Wow. Easter weekend is supposed to be an anti-holiday at the box office. Thanks to Furious 7, that is just not the case this weekend, and maybe never again. The Paul Walker tribute film grossed an insane $143.6 million over this early April weekend, which is like running a cement truck at full speed into the box office record book.
Furious 7 Races to Records at Hot Weekend Box Office
By John Hamann
April 5, 2015
Prior to the release of the rebooted Clash of the Titans in 2010, Easter was not considered a launchpad for big time blockbusters. When Clash opened to $61.2 million, it blew away the second biggest Easter opener at the time, The Hannah Montana Movie, which found $32.3 million. With big Fridays and lower Sundays due to family commitments, the Easter weekend creates automatic front-loading, making it tough to open big films.
Last year’s Transcendence flopped at Easter last year, earning only $10.9 million over its first three days. The list of top films released at Easter features a series of losers and only a handful of winners, with losers including a host of films that should have been big but weren’t, like hot YA property The Host ($10.6 million opening), or supposedly bulletproof sequels like Miss Congeniality 2 ($14 million opening), and The Whole Ten Yards ($6.7 million opening). Furious 7 had none of those issues, which may pave the way for studios to take a new look at using the holiday as launching point.
Furious 7 got started on Thursday, where it earned an out-of-hand $15.8 million from Thursday night screenings alone. That partial opening day gross alone put Furious 7 just outside the top 20 Easter openers ever and set it up for a huge weekend. The former biggest April opener, Captain America: The Winter Soldier, which had much softer Thursday previews of $10.2 million. It also ran over Furious 6, which earned $6.5 million from preview screenings. Iron Man 3 earned a similar $15.6 million over its preview Thursday before going on to earn $174 million over opening weekend, and of course The Avengers earned $18.7 million on Thursday before setting the record for an opening weekend at $207 million. Just because Furious 7 had similar first Thursdays to these films does not mean it will earn between $174 and $207 million, and the main reason why is that it's Easter weekend.

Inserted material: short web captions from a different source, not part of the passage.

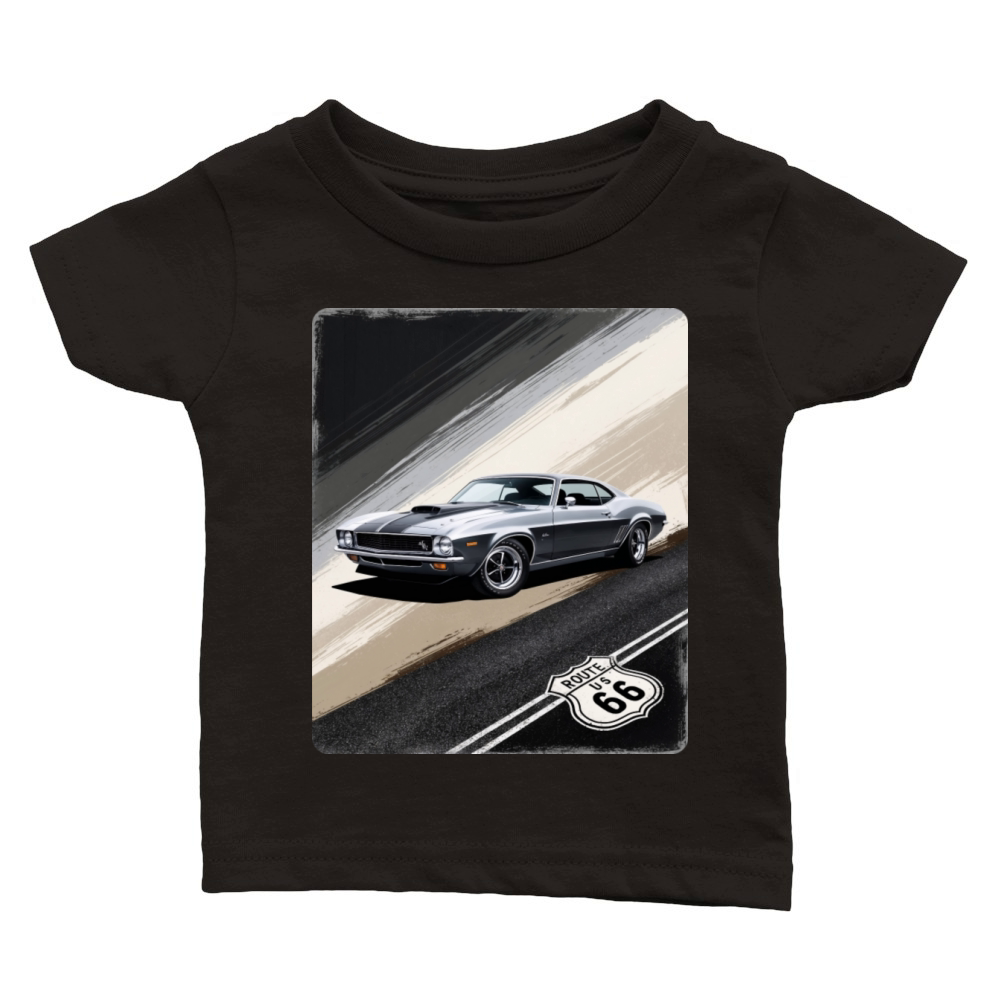American Muscle Car Route 66 monochrome Classic Baby Crewneck T-shirt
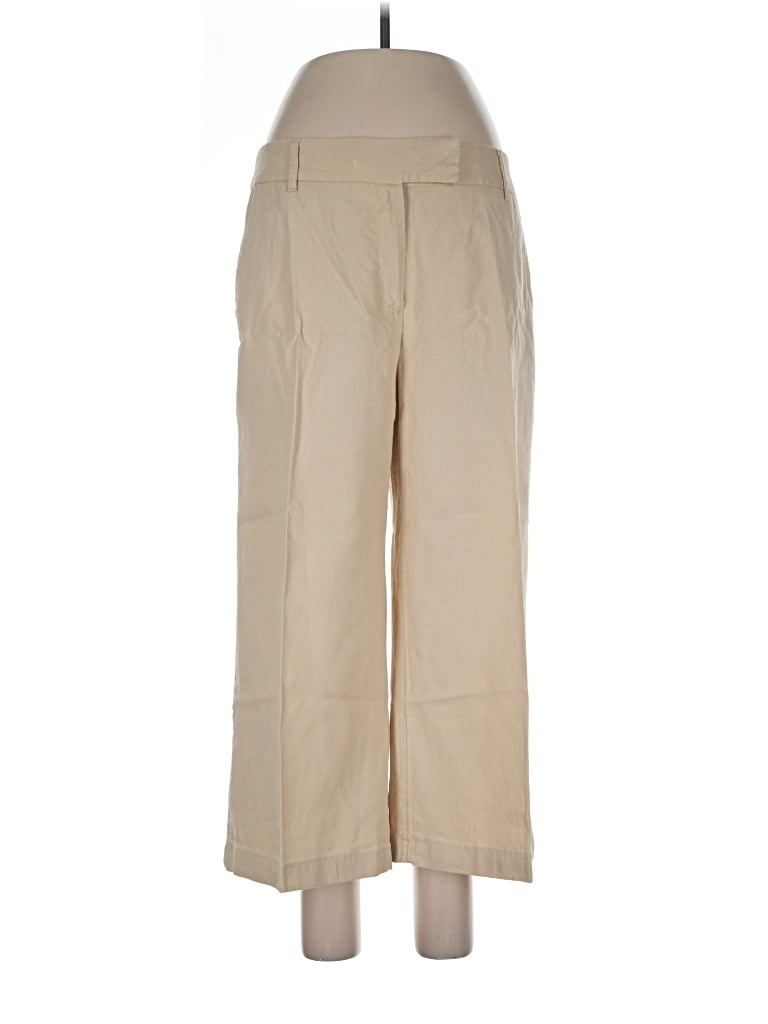 Pre-owned Scoop Linen Pants In Tan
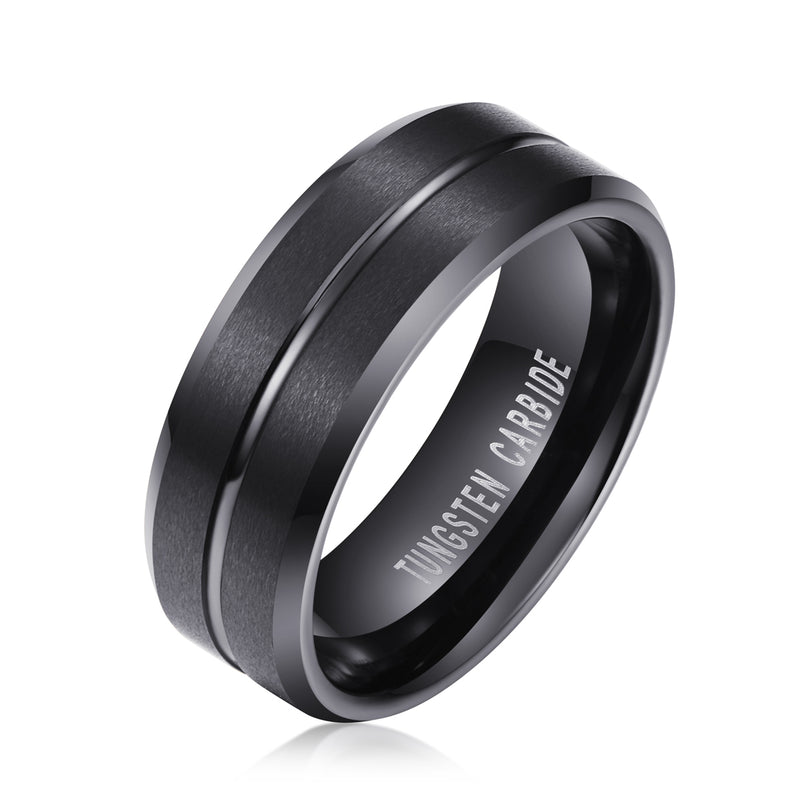 Tungsten Carbide Black Brushed Grooved Wedding Band (TU13O)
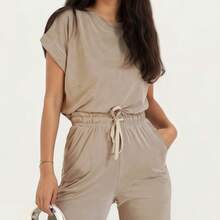 Women's 2-Piece Set Short Sleeve Relaxed Fit Top And Wide Leg Pants With Soft Stretch Fabric And Drawstring Waist - 卡其色 - 查看 6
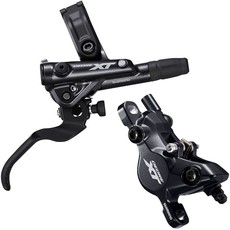 Shimano Deore XT BL-M8100/BR-M8120 Disc Brake and Lever - Front, Hydraulic, Post Mount, 4-Piston, Finned Metal Pads, Black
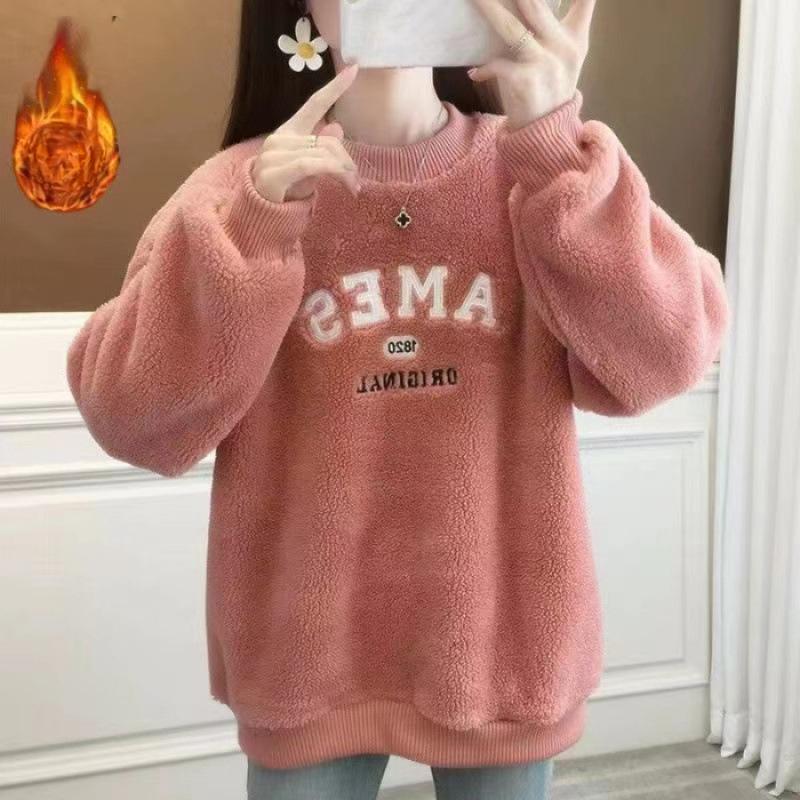 Свободный студенческий свитшот из овечьей шерсти, утепленный вельветом, без капюшона для женщин, осенне-зимний стиль, топ с длинным рукавом из овечьего вельвета 3XL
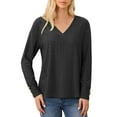 thumbnail image 2 of BLCHUNen Womens Tops V Neck Pullover Tops Breathable Quick Drying Workout Gym Athletic Sports Active Casual Long Sleeve Shirts, 2 of 7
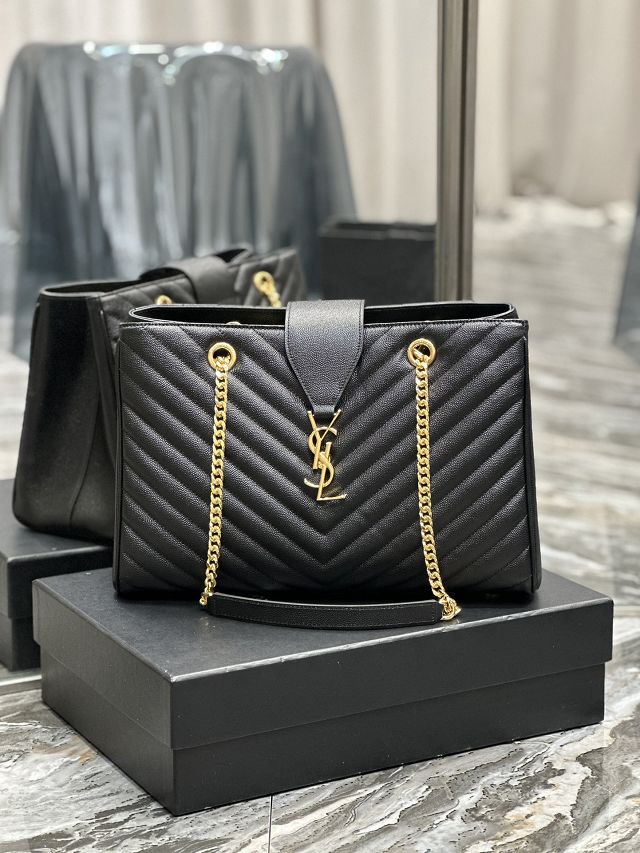 YSL original grained calfskin shopping bag 668900 black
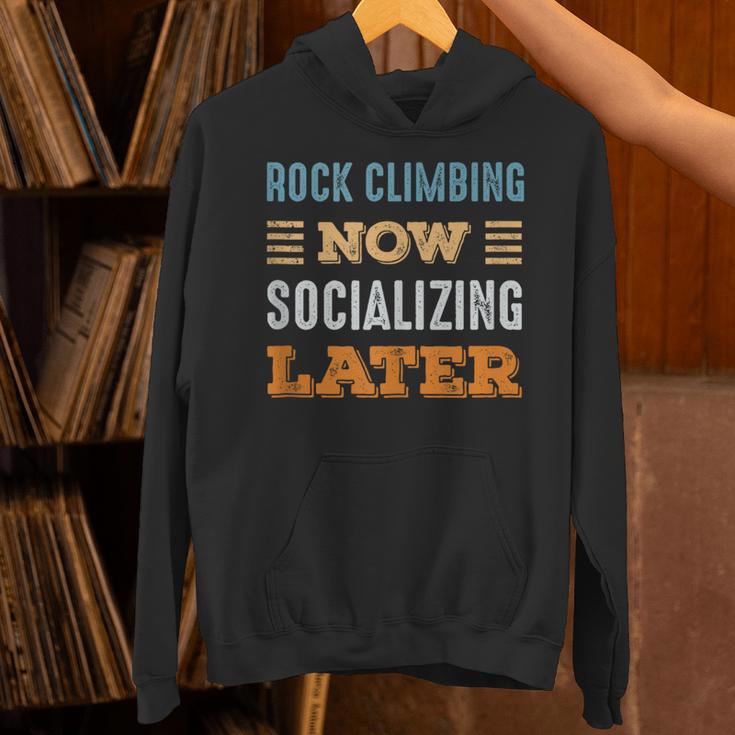 Rock Climbing Now Minimal Socializing Introvert Vintage Unisex Hoodie Rock Climbing Now Minimal Socializing Introvert Vintage Unisex Hoodie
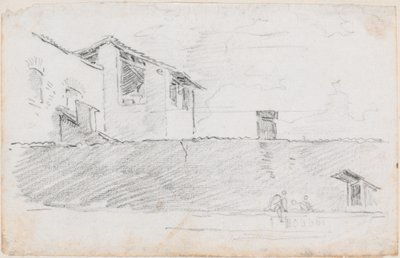 Hausdächer hinter einer Mauer von Hubert Robert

On Friday it was entertaining to watch weekend estimates for Furious 7 go up, up and up all day. The weekend estimate started on Friday morning at $115 million, grew to $125 million after the Thursday preview amounts were released, and then grew to $150 million by the end of the day, once matinees and early evening amounts were tallied. Box office analysts had under-estimated the force of Furious 7 prior to Thursday, despite all signs saying $100 million plus was coming.
Estimates went flying upward due to the combined Thursday preview/Friday amount of $67.3 million, an amount that was already the biggest ever for an Easter weekend, the 10th biggest opening day of all time, and the 11th biggest single day of all-time. Oddly enough, the last Paul Walker blockbuster had a very similar opening day as the late Heath Ledger’s last blockbuster The Dark Knight, which earned just a few thousand less than Furious 7 ($67.2 million) when it opened. The debut Friday was bigger than all the Transformers movies, all the Harry Potter films (save Deathly Hallows Part 2), and all the Marvel films save The Avengers and Iron Man 3. The single day gross for Furious 7 represented the fourth biggest weekend gross of the series and was more than The Fast and Furious: Tokyo Drift earned throughout its run ($62.5 million).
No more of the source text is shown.